Bruxelles, le 11 juin 2013

Assurer l’avenir de l’acier en Europe

Depuis le plan Davignon de 1977, c’est la première fois que la Commission propose un plan d’action global pour l’acier, onze ans après l’expiration du traité instituant la Communauté européenne du charbon et de l’acier en 2002.

L’industrie sidérurgique européenne dispose de nombreux atouts: des sites de production modernes, des produits de pointe, des clients exigeants incitant à une constante innovation des produits, un marché national important et une main-d’œuvre qualifiée. Toutefois, elle doit aujourd’hui faire face à d’importants défis: une demande faible, une hausse des coûts de l’énergie, une dépendance vis-à-vis des importations de matières premières, une concurrence rude et souvent déloyale et des exigences environnementales ambitieuses. Enfin, le risque de licenciements et de fermetures de sites s’est accentué.

Le présent mémo analyse les défis auxquels est confrontée l’industrie sidérurgique et présente le plan d’action que la Commission européenne a publié aujourd’hui.
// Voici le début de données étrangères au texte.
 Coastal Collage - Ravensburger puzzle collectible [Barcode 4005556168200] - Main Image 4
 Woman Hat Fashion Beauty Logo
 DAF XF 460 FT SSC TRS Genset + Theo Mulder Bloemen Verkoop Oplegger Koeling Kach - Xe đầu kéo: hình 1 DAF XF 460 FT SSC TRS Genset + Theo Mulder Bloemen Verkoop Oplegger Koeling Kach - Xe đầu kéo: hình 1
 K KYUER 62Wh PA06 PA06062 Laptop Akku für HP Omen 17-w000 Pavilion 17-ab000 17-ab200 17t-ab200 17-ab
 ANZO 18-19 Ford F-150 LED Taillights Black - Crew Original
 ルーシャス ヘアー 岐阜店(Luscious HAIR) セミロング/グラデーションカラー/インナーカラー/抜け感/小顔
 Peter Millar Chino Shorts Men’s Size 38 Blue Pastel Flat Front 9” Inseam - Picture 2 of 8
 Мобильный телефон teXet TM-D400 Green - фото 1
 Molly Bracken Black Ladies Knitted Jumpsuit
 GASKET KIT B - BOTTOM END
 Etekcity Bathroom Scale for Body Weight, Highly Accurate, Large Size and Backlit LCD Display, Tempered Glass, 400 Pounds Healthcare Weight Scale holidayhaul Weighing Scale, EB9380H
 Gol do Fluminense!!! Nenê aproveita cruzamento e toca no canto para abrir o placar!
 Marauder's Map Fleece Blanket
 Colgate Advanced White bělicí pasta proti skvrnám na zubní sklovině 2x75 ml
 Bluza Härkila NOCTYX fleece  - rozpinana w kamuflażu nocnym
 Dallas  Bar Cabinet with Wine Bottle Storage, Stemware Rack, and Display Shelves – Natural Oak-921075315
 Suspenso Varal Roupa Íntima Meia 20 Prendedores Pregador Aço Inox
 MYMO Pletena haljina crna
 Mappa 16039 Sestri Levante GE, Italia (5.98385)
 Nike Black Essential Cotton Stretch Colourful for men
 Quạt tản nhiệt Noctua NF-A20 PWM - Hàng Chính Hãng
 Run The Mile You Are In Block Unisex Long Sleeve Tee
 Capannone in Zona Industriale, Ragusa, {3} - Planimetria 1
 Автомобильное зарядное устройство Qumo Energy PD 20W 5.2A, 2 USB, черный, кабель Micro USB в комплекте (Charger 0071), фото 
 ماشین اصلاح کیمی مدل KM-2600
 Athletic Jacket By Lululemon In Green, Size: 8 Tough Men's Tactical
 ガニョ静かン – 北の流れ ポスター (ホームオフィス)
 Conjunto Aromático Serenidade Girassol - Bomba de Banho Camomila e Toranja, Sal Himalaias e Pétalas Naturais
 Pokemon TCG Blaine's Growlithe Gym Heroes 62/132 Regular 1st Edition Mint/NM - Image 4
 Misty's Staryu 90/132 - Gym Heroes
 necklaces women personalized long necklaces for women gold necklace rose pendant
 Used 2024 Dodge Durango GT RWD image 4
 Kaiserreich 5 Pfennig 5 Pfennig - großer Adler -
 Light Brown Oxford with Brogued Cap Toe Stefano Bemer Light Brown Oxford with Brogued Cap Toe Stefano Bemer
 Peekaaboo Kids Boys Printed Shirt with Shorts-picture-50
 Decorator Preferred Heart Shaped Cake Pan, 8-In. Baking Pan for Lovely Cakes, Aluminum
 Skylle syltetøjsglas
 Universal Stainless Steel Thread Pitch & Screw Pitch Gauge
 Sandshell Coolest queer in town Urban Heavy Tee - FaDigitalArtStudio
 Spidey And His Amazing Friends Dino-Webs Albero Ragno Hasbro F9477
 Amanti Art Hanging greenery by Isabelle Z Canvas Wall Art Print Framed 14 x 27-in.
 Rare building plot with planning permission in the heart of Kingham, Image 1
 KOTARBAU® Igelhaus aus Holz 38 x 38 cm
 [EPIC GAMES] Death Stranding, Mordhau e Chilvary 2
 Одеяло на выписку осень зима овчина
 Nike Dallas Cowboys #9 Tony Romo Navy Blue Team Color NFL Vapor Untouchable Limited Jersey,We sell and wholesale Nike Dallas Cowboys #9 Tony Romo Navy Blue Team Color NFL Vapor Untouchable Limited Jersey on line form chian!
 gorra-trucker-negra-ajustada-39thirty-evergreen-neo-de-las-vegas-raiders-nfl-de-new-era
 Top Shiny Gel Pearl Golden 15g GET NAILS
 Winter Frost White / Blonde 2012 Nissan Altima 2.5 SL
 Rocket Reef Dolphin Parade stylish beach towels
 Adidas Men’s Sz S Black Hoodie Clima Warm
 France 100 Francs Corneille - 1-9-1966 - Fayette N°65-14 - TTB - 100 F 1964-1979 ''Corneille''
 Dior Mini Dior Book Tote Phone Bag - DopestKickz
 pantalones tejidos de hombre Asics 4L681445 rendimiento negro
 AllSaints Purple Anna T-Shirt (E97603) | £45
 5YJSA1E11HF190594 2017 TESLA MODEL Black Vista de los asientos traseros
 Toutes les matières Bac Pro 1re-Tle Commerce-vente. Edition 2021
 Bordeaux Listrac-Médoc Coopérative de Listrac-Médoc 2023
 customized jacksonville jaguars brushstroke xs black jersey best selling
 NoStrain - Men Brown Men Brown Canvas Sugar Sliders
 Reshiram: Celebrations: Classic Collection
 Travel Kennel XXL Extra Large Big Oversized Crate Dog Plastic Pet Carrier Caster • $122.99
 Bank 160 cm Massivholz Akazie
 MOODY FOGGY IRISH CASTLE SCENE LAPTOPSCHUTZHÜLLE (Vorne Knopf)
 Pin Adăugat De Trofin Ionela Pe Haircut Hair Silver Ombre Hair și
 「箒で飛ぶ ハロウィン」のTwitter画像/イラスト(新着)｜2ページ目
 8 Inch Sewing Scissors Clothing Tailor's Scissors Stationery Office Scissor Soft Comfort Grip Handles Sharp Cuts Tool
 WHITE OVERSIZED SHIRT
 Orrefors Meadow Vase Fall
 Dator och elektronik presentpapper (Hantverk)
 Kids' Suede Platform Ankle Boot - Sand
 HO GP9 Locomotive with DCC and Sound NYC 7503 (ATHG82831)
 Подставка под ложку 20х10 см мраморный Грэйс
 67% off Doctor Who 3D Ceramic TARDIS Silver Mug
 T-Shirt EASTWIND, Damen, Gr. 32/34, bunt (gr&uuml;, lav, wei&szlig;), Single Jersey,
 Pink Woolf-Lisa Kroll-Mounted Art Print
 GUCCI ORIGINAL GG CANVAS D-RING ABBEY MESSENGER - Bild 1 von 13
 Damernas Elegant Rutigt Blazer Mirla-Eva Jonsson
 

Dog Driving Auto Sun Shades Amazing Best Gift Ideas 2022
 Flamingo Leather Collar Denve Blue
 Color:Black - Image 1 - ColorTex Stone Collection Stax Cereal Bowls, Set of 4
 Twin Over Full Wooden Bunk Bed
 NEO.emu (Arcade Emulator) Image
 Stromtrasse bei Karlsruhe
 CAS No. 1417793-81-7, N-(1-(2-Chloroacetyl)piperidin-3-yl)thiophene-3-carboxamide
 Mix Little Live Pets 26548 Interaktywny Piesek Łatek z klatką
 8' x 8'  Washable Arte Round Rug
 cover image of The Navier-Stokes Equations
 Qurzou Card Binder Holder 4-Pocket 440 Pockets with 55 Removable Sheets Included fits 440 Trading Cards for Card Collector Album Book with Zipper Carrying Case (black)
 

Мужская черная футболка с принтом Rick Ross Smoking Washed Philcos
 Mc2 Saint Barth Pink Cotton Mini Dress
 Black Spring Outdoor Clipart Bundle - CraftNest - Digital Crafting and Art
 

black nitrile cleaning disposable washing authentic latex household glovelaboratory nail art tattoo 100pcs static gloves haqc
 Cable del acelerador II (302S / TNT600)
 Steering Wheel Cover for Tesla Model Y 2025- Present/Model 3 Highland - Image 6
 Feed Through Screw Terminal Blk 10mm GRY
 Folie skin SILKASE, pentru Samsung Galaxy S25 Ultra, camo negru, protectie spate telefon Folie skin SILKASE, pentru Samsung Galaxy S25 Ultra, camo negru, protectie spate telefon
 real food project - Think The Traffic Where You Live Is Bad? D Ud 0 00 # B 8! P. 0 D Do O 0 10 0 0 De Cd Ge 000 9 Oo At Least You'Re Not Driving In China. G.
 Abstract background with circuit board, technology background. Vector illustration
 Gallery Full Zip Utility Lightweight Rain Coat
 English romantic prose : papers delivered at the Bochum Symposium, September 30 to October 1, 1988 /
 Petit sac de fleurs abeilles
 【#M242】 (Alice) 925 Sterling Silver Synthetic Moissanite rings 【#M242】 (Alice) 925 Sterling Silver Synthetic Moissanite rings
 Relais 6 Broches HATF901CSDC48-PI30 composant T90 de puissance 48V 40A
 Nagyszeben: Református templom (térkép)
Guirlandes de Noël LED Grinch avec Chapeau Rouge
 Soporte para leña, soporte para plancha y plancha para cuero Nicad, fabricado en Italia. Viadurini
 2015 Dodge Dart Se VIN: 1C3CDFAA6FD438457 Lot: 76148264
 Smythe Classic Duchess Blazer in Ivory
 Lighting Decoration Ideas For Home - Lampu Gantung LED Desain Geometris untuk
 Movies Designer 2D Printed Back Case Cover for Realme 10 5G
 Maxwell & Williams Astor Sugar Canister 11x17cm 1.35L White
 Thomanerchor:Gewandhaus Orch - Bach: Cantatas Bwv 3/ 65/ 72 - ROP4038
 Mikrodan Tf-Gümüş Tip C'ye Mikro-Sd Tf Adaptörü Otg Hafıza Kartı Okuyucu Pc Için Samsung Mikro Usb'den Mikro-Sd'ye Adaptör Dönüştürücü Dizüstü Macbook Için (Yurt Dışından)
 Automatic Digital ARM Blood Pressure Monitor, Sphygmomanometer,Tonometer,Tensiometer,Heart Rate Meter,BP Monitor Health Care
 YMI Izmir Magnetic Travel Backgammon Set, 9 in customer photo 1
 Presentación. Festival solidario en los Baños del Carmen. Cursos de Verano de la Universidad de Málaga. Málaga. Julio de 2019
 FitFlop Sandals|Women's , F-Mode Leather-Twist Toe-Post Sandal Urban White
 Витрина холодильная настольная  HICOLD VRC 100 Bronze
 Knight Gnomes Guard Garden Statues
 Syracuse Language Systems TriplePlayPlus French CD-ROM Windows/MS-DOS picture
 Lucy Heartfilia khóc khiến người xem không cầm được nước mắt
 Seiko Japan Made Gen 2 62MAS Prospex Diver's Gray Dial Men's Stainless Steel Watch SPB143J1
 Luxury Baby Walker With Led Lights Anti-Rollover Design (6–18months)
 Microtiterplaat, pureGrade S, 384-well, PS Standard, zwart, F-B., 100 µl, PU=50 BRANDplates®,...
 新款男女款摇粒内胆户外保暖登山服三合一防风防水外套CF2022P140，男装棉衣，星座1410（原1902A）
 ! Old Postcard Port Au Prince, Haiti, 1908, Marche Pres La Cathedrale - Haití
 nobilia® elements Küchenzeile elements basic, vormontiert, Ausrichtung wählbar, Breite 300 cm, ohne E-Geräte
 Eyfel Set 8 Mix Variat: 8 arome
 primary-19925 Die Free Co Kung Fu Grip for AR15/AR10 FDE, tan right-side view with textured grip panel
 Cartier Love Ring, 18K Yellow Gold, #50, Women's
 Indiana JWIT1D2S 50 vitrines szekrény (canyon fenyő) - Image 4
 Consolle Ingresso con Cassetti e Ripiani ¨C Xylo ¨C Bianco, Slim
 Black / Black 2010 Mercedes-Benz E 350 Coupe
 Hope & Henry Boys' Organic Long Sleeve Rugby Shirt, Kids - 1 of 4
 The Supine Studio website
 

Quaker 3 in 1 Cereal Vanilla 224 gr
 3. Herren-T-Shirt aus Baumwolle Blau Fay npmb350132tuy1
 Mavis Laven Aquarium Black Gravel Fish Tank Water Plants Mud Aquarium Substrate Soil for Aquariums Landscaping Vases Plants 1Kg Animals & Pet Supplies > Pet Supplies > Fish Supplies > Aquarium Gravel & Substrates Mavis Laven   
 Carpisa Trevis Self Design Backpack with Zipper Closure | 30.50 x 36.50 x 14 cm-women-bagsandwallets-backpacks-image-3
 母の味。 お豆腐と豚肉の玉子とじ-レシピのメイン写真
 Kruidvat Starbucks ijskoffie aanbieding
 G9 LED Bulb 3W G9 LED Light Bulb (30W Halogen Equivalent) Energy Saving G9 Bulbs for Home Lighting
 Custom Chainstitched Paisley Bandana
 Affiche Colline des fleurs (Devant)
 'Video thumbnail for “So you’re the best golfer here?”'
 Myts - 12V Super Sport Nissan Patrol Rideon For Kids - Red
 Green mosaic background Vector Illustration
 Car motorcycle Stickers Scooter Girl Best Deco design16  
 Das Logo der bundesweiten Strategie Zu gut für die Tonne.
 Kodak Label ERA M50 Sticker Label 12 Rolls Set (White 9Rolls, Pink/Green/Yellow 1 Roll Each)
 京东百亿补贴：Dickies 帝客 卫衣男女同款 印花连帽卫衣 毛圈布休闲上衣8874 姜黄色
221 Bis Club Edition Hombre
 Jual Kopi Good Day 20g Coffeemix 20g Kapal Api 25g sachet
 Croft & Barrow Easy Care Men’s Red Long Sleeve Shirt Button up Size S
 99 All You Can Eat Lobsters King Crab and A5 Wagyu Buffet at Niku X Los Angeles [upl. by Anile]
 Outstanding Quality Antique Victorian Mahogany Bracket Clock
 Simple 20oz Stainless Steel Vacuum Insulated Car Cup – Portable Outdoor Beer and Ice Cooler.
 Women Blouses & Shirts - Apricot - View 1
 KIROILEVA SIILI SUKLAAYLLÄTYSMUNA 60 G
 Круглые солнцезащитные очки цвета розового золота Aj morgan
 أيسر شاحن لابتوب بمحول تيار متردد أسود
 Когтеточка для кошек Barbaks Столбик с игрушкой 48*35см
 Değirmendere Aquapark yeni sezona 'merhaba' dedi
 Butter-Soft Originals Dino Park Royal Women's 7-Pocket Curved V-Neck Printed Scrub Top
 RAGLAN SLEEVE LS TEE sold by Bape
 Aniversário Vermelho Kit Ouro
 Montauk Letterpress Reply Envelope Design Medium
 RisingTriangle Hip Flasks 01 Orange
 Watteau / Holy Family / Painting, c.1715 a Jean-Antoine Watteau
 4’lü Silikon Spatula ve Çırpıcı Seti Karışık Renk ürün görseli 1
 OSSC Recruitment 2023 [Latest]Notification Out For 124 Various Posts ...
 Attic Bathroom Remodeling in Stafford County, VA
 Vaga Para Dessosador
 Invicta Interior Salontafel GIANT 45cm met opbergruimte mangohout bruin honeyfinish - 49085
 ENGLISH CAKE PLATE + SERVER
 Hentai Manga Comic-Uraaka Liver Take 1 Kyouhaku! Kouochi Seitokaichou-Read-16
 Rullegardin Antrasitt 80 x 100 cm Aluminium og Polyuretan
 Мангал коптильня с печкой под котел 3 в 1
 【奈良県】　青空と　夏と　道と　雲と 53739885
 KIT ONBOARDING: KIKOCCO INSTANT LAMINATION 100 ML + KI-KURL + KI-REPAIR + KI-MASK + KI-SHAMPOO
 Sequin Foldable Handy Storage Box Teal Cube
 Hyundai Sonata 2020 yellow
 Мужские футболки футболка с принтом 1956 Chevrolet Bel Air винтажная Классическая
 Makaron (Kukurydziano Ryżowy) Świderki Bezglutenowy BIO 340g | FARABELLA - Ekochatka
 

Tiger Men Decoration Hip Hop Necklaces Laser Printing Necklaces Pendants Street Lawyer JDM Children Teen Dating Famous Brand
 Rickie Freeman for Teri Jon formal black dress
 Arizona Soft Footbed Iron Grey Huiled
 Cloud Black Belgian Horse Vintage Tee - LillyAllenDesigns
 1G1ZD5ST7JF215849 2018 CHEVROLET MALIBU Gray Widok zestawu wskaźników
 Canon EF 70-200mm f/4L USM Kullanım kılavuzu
Il rappelle l’importance stratégique de l’acier pour l’Union européenne et ses liens étroits avec de nombreux secteurs industriels en aval tels que l’automobile, le bâtiment ou l’électronique, et souligne sans ambages que la production d’acier a un avenir en Europe.

A. Les défis

La demande d’acier en Europe demeure inférieure de 27 % à son niveau d’avant la crise. L’emploi dans le secteur a diminué de 10 % entre 2007 et 2011, en raison de la fermeture de plusieurs sites de production ou de la réduction de leur activité. Toutefois, l’Union reste le deuxième producteur mondial d’acier, employant plus de 360 000 personnes et produisant plus de 177 millions de tonnes d’acier par an, soit 11 % de la production globale.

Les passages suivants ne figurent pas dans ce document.